To actually use Equation 14, Equation 15, we need to know the times \(t_k\) and angular frequencies \(\omega_j\). The times are just: \[ t_k = k \Delta \qquad(16)\] The determine \(\omega_j\), we will think about Fourier series. The value of \(\omega_0 = 0\) and corresponds to a DC component in the signal. If the signal is periodic with a period \(T = n\Delta\), then the next value of the angular frequency is: \[ \omega_1 = \frac{2\pi}{T} \] The next term is: \[ \omega_2 = 2 \times \frac{2\pi}{T} \] In general: \[ \omega_j = j\frac{2\pi}{T} = j\frac{2\pi}{n\Delta} \qquad(17)\] the discrete Fourier transform Equation 14 becomes: \[ Y_j = \left(\sum_{k=0}^{n=1}y_k e^{-i2\pi\frac{jk}{n}}\right)\times \Delta \qquad(18)\] In the definition of the inverse discrete Fourier transform, Equation 15, the sum is multiplied by \(\delta\omega\), which is how much the angular frequency \(\omega_j\) changes as \(j\) goes to \(j + 1\). We have just seen that this is: \[ \delta\omega = \frac{2\pi}{T} = \frac{2\pi}{n\Delta} \qquad(19)\] So the inverse discrete Fourier transform, Equation 15, becomes: \[ y_k = \frac{1}{n}\left(\sum_{j=0}^{n-1}Y_je^{+i2\pi\frac{jk}{n}}\right)\frac{1}{\Delta} \qquad(20)\] Now, when we actually use the discrete Fourier transform, we end up with a series of values \(Y_0, Y_1, Y_2, \dots, y_{n-1}\).
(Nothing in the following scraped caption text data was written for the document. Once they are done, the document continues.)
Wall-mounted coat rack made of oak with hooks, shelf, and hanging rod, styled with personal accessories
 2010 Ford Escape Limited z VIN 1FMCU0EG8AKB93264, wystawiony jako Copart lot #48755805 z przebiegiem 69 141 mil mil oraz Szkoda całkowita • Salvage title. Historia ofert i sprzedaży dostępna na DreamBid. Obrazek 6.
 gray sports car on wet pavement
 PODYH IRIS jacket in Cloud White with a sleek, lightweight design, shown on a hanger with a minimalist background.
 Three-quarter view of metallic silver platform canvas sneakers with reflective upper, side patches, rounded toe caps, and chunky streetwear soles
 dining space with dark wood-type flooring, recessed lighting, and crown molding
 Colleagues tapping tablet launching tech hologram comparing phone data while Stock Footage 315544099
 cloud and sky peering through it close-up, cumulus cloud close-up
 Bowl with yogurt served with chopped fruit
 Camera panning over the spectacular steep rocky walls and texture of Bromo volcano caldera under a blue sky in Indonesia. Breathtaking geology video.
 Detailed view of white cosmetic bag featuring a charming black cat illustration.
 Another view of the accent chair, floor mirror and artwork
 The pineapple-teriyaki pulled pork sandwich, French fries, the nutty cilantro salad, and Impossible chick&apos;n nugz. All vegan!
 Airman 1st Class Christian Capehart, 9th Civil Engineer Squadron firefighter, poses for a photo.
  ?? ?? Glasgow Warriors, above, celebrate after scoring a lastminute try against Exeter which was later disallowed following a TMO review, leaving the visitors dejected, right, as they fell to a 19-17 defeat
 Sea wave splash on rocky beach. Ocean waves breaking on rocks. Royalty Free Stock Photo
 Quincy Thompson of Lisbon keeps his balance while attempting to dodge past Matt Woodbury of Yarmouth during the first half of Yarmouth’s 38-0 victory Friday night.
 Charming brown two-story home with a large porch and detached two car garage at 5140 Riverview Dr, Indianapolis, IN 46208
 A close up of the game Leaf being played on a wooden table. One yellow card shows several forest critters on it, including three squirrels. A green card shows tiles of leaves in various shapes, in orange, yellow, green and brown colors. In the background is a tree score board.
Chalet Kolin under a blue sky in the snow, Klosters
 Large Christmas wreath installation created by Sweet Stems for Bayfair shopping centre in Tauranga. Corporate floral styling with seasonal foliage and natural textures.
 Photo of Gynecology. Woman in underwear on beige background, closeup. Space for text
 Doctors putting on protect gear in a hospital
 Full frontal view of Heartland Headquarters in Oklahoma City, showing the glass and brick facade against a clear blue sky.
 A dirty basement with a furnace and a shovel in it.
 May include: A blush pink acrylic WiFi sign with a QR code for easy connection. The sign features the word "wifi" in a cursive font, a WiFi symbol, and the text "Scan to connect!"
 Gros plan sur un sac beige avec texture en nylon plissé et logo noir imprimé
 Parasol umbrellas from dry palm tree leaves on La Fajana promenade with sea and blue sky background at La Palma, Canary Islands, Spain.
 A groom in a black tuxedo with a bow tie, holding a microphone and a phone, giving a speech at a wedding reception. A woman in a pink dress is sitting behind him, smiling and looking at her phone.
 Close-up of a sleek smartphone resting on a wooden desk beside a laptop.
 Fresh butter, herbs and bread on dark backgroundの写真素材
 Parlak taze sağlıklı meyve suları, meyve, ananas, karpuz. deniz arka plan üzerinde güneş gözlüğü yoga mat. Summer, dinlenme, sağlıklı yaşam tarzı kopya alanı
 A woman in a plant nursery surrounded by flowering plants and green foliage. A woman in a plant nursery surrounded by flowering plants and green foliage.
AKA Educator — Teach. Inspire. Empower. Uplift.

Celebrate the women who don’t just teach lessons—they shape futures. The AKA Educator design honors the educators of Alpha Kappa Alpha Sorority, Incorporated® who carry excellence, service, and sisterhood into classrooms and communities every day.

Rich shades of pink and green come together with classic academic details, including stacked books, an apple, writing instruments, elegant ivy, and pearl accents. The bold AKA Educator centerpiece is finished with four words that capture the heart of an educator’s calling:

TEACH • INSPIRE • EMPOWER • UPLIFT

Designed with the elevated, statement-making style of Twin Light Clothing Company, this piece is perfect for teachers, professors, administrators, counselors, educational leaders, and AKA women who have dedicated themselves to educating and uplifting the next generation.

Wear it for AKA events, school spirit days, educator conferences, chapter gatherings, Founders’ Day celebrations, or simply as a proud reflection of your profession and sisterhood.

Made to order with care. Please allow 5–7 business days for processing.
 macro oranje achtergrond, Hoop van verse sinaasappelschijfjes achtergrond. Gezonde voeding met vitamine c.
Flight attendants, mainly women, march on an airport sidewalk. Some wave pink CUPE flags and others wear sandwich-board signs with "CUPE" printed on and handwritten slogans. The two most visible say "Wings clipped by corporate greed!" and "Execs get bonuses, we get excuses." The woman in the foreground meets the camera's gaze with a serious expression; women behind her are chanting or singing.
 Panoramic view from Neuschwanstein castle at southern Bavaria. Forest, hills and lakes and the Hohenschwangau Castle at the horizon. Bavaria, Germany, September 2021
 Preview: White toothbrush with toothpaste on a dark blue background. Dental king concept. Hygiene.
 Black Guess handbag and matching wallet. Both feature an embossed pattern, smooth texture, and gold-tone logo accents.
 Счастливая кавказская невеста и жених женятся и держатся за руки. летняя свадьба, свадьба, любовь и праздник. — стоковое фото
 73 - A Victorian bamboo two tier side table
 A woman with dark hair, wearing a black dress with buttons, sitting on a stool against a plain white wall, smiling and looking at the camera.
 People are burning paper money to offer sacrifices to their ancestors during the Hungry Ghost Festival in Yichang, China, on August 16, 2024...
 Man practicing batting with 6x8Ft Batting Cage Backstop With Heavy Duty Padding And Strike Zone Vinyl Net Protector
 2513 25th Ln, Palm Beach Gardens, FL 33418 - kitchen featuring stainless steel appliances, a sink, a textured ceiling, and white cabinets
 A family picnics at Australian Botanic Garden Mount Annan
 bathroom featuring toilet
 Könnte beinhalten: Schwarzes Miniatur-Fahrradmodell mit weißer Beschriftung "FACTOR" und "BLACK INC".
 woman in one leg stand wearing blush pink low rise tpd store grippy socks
If we want to know the frequency of the \(Y_j\) term, we can just use Equation 17. So the factor of \(\Delta\) that multiplies the sum of Equation 18 is not needed, and we just set its value to \(1\). Similarly, the inverse discrete Fourier transform returns a series of values \(y_0, y_1, y_2, \dots, y_{n-1}\) and if we want to the know the time of the value of \(y_k\), we can just use Equation 16. So for the inverse discrete Fourier transform we can similarly just set \(\Delta = 1\). So the final form of the discrete Fourier transform is: \[ Y_j = \sum_{k=0}^{n-1}y_k e^{-i2\pi\frac{jk}{n}} \qquad(21)\] and the inverse discrete Fourier transform is: \[ y_k = \frac{1}{n}\sum_{j=0}^{n-1}Y_je^{+i2\pi\frac{jk}{n}} \qquad(22)\]

Show the code
tmax = 3.0 * 2.0 * np.pi / 2.5
t = np.arange(0, tmax, 0.2)
it = np.linspace(0, tmax, 1000)
plt.figure(figsize = (14, 4))
plt.subplot(121)
plt.plot(it, np.sin(2.5 * it), '-')
plt.plot(t, np.sin(2.5 * t), 'o')
plt.xlabel(r'$t$')
plt.ylabel(r'$y_k$')

def myfft(tarr, yarr):
    nn = len(tarr)
    res = np.zeros(tarr.shape)
    karr = np.linspace(0, nn-1, nn)
    for i in range(nn):
        res[i] = np.sum(yarr * np.exp(-2j * np.pi * i * karr / nn)).imag / nn
    return res

plt.subplot(122)
res = myfft(t, np.sin(2.5 * t))
delta = (t[2] - t[1])
idelta = 1.0 / delta
omegaj = np.zeros(t.shape)
for i in range(len(omegaj)):
    omegaj[i] = 2.0 * np.pi * i / (len(t) * delta)
plt.plot(omegaj, res * idelta, '-o')
#plt.xlim([0, 5])
plt.xlabel(r'$\omega_j$')
plt.ylabel(r'$Y_j$')
plt.show()
Figure 4

There may be a major surprise for you in Figure 4. You can see the negative peak, which for the continuous Fourier transforms Figure 2(b) and Figure 3(b) corresponded to the angular frequency of \(2.5 s^{-1}\). But the positive peak, corresponding to the angular frequency of \(12 –2.5s^{-1}\), is now to the far right. What has happened is that the discrete Fourier transform just returns a series of \(n = 38\) values: \[ Y_0, Y_1, Y_2, \dots, Y_{n-3}, Y_{n-2}, Y_{n-1} \] The first 19 of these correspond to the positive angular frequency values of Figure 2(b) and Figure 3(b). The other 19 values, corresponding to the negative angular frequencies, have just been appended to the end of the first 19 values.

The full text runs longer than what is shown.